May warnt EU vor 'Bestrafung' Londons und droht Steuersenkungen an

Die britische Premierministerin Theresa May hat die EU davor gewarnt, Grossbritannien für seinen Entschluss zum Brexit zu bestrafen. Sie bezog sich damit auf Spekulationen, die verbliebenen 27 EU-Mitglieder könnten bei den Austrittsverhandlungen einen harten Kurs gegenüber Grossbritannien einschlagen.
17.01.2017 14:07

Ein "bestrafender Brexit-Deal" wäre ein "katastrophaler Akt der Selbstverletzung" sagte May bei einer Grundsatzrede zum Brexit am Dienstag in London und fügte hinzu: "Kein Abkommen ist besser als ein schlechtes Abkommen für Grossbritannien."
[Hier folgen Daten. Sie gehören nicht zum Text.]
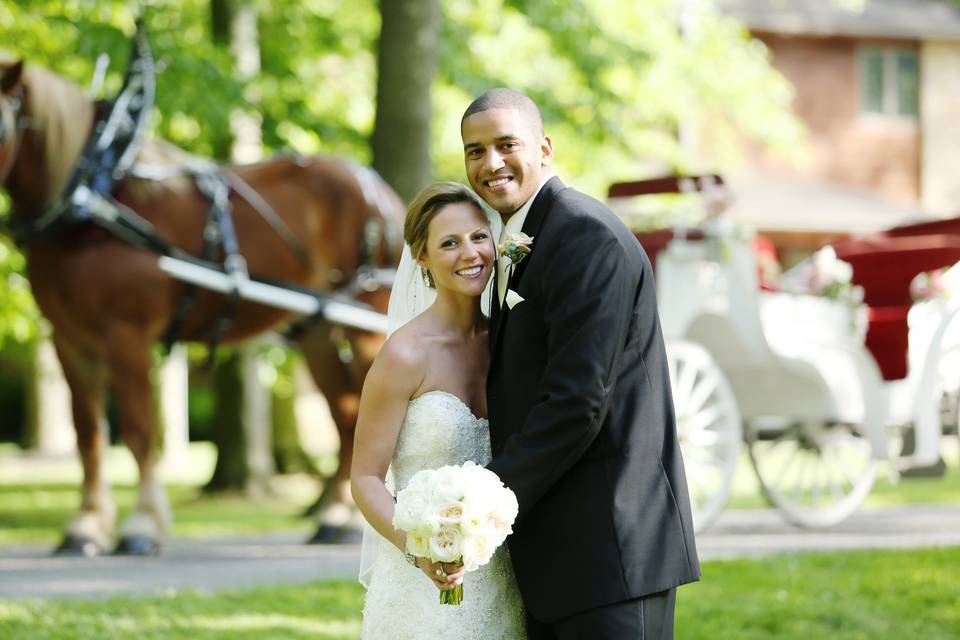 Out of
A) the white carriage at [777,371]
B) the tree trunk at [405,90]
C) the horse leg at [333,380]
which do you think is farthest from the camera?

Gleichzeitig drohte sie, Grossbritannien könne eine Veränderung seines Wirtschaftsmodells in Betracht ziehen. Sie befeuerte damit Befürchtungen, das Land könne durch eine Absenkung der Körperschaftssteuer zum Steuerparadies werden. "Wir hätten die Freiheit, wettbewerbsfähige Steuersätze festzulegen und Strategien zu wählen, um die besten Unternehmen und grössten Investoren nach Grossbritannien zu locken", sagte May./cmy/DP/stb

(AWP)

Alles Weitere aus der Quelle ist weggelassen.